Travelogue: The Mahatma sought to learn the state’s history. He also imparted lessons on political maturity.

On the birth centenary of Gandhi, an Assamese anthology on Gandhi’s four trips to Assam was published. Aptly titled Mahatma in Assam and brilliantly curated by two Gandhians, Omeo Kumar Das and Liladhar Barua, one can learn much from it about Gandhi’s tryst with Assam. Of his four visits, the first and last stood out distinctly for their political importance. Gandhi’s first visit in August 1921 had an electrifying impact in this frontier province. Its saga of anti-imperial resistances had not yet caught the imagination of most Indians.
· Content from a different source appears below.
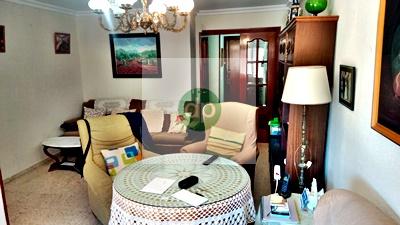 Imagen 2 Inmueble 263591 - Piso en venta en Badajoz / Polígono de La Paz, junto a Mercadona.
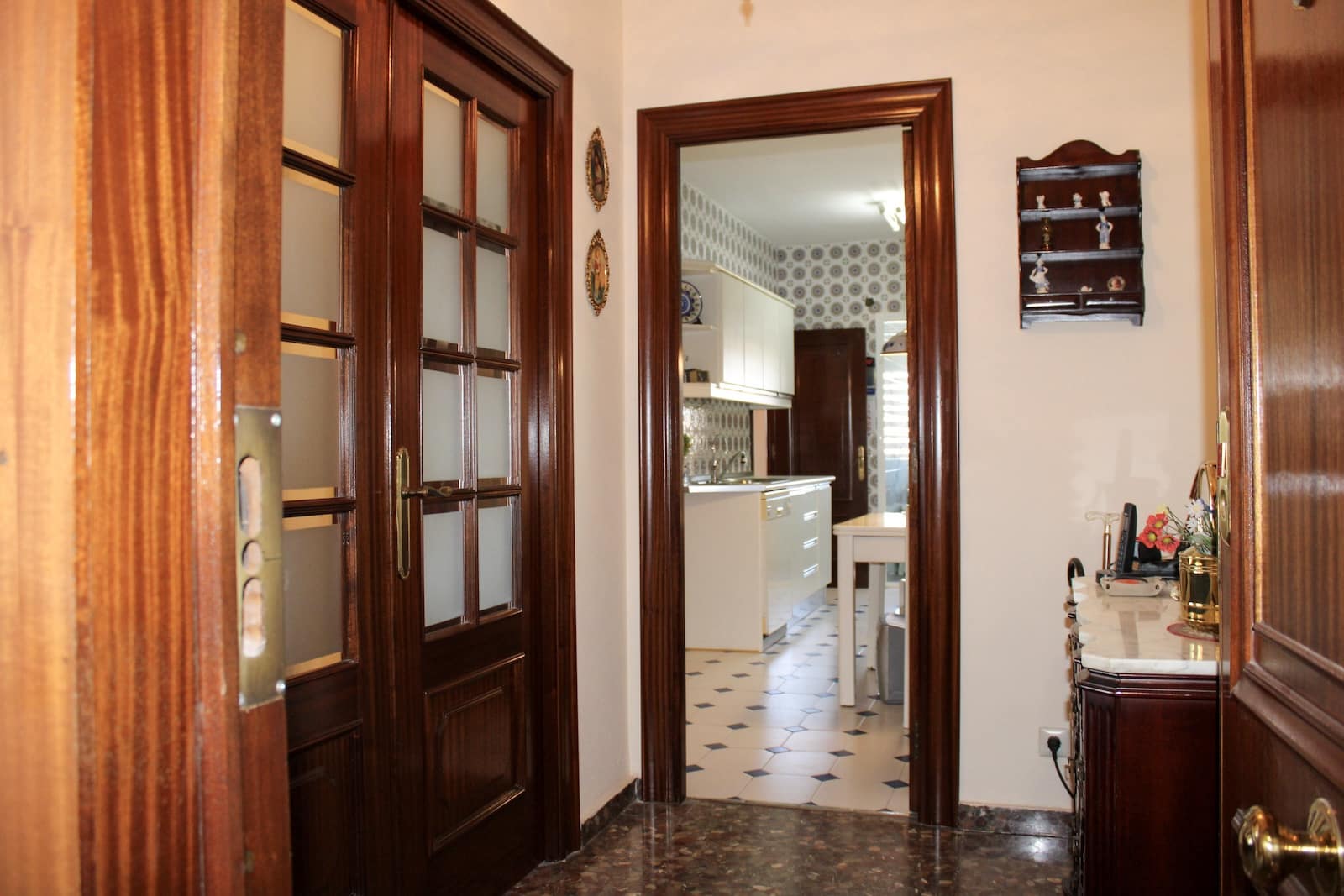 4 quarto Apartamento para venda em Malaga cidade com garagem - 725 000 € (Ref: 9271438)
Even before Gandhi arrived in Assam, his call for Non Cooperation had created havoc for the European tea planters.(Photo: National Gandhi Museum)
Even before Gandhi arrived in Assam, his call for Non Cooperation had created havoc for the European tea planters.(Photo: National Gandhi Museum)

Even before Gandhi arrived in Assam, his call for Non Cooperation had created havoc for the European tea planters. The life of the tea plantation workers had taken a turn for the worse. The raging movement inspired them to desert their ruthless planters. Some tea gardens witnessed massive exodus of workers. In southern Assam, things had turned violent. While some workers could escape to their distant villages, most were unlucky; they were caught and ruthlessly punished by the police. Their pains compelled the politically conscious workers of railway and steamer companies in Eastern Bengal to strike in solidarity.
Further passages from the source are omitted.